Rüya ~ Özel Bölüm

1.9K 172 415
                                    

Bölüm ebem kadar uzun oldu amk

Neyse ikiye ayırdığım kısımdan sonrası yazmayı düşündüğüm farklı bir kitap için orayı okumasanız da olur çünkü kitabı yazmayabilirim

Ağlamaktan kızarmış gözlerine aynadan bakarken Minho'nun gözleri tekrar doldu.

İki ay olmuştu, bebeğini kaybedeli iki ay olmuştu.

O ellerinden kayıp giderken tutamayalı iki ay olmuştu.

Titrek bir nefes alıp yüzünü yıkadıktan sonra aklındaki şeylerle ilgili konuşmak için çağırdığı ikilinin, Changbin ve Hyunjin'in yanına döndü ve karşılarındaki sandalyeye oturup ağrıyan alnına soğuk elini koydu.

"Konuşmamız gereken bir şeyler var, Jisung ile ilgili." Changbin ona yaklaştı.
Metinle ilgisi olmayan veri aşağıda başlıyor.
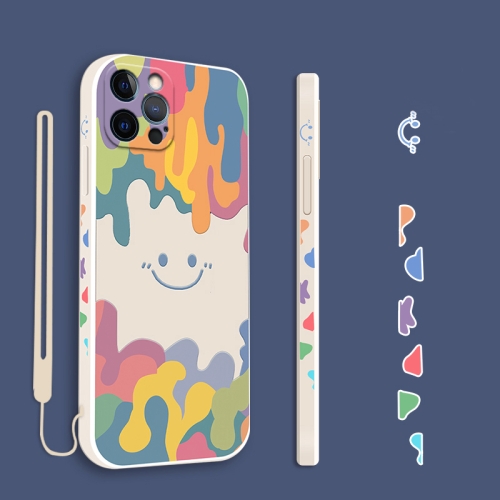 

Cube Painted Smiley Straight Side Liquid Silicone Shockproof Case For iPhone 12 Pro Max(White)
"Ayin falan yapmayı düşünmüyorsun değil mi?"

"Yapmayı çok düşündüm biliyor musun? Bebeğim tekrar hayata dönsün ve iyileşebilsin diye her şeyi yapabilirim ama hayır, hayır konu bu değil." sesi kısık ve boğuktu, hıçkırıkları ses tellerine gereğinden fazla zarar vermişti.

Kısa bir sessizlikten sonra dudaklarını araladı.
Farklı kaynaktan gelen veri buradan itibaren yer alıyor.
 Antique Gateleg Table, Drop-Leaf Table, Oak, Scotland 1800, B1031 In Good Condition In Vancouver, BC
"O SCP 1048 değildi, Yuna öldüğünden beri yani." Hyunjin ellerindeki bakışlarını kaldırıp ona baktı.

"O Yuna'ydı, Jisung'un da bize hızlı güvenmesine o sebep oldu."
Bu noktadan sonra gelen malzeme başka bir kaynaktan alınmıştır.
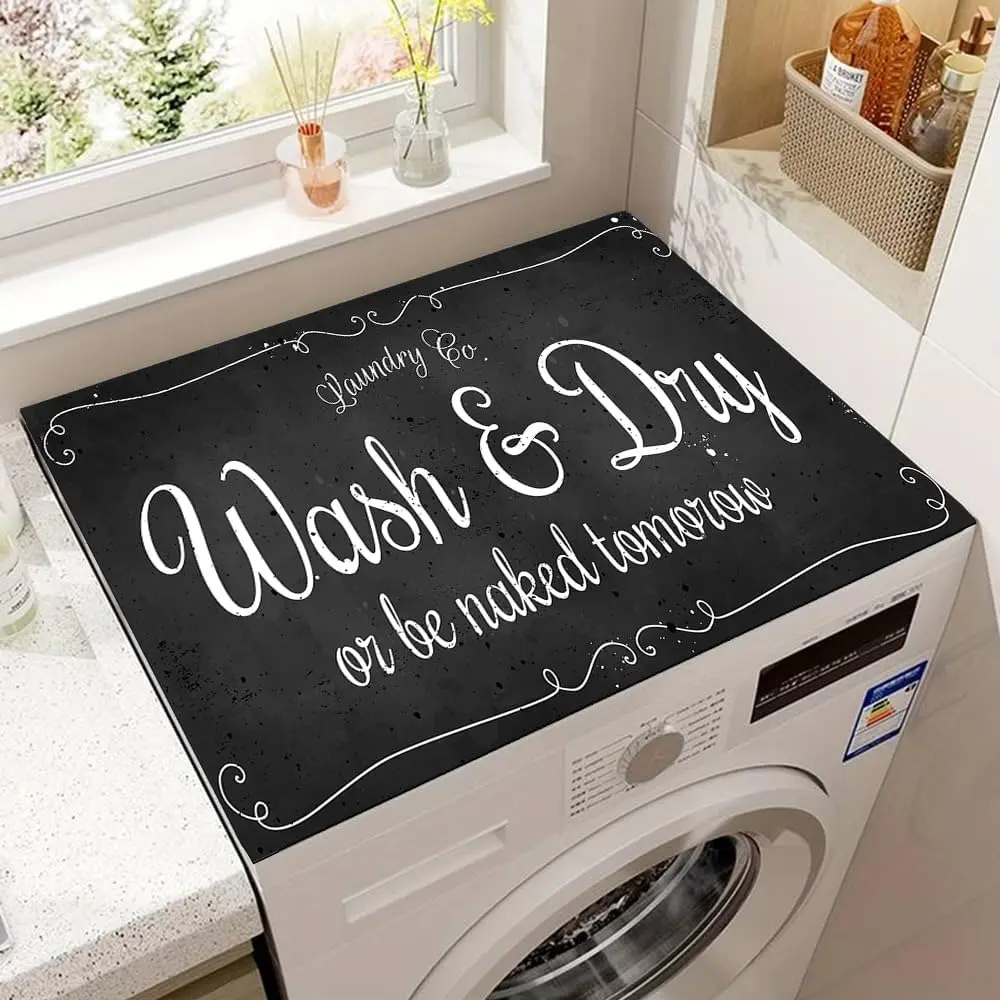 PINSOUL Stain-Resist Top Washer & Dryer Cover Mat - 23.6"x19.7", Lightweight Printed, Non-Slip, Dust-Proof Household Textile, Artwork-Infused Laundry Room Accessory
"Jisung onun yanında rahattı ve Yuna kime güvenmesi gerektiğini biliyordu, bu yüzden bize hızlı alıştı. O ayıcık eve gelip o kapıda durduğunda... Jisung ile çoktan iletişime geçmiş, ona güvende olduğunu hissettirmişti." Minho gözlerini kapattı.

"Jisung'u korumak için yaptığı bu şey kim olursa olsun tehlikeli, yaşayan bir varlığın ruhuyla yer değiştirmek... Çok zor, Yuna bu riski göze alacak kadar Jisung'un iyi olmasını istiyordu." Changbin yavaşça onun omzunu tuttu.

"Aynısını yapmaz mıydın?"

"Daha fazlasını da yapardım."

"Ya 1048?" ikisi de Hyunjin'e döndüler. "1048'in ruhu nerede? O yerde mi hapsedilmiş? Yuna onu parçalamış mı?" kısa bir sessizlik oldu aralarında.

Bu belki de hayatlarının sonuna kadar büyük bir gizem olarak kalacaktı.

Kimse bir cevap bulamayınca Changbin konuyu değiştirmeye karar vererek Minho'ya döndü.

"Nasıl hissediyorsun?"

"Bok gibi." kollarını kendine sarıp bakışlarını kapıya dikti.

Şu an oradan Jisung girseydi ve hep yaptığı gibi Minho'ya sırnaşsaydı ne olurdu ki...

Titrek bir nefes alıp mırıldandı.

"Tek istediğim yanımda olması, şimdi kucağımda uyuyor olmasını ya da içeride duş alıyor olmasını çok isterdim. Neden... Neden veda etmek zorundaydık ki..." Changbin onun omzunu destek verir gibi sıkarken Hyunjin de uzanıp yanaklarını ıslatan yaşları sildi.

"Sürekli ağlamandan nefret ediyorum, başını ağrıtmıyor mu?"

"Başım çatlayacak gibi, ama onun acıları yanında bir hiç sonuçta."

"Hepimiz onu özlüyoruz, Felix kendini yiyip duruyor. Onun gitmesine baştan izin verdiği için." Minho bakışlarını titreyen ellerine indirirken gözleri kararıyor gibi hissetti ve Jisung ile olan anıları doldu aklına yine.

Ayakta durması için elini tuttuğu, birlikte suffle yaparken beline sarıldığı, yapraklarla oynadığı zaman kucağına çıkması için destek olduğu, banyodan çıktığında saçlarını okşadığı, sincabı ilgi istediğinde ona sarılıp gıdıkladığı ellerdi bunlar.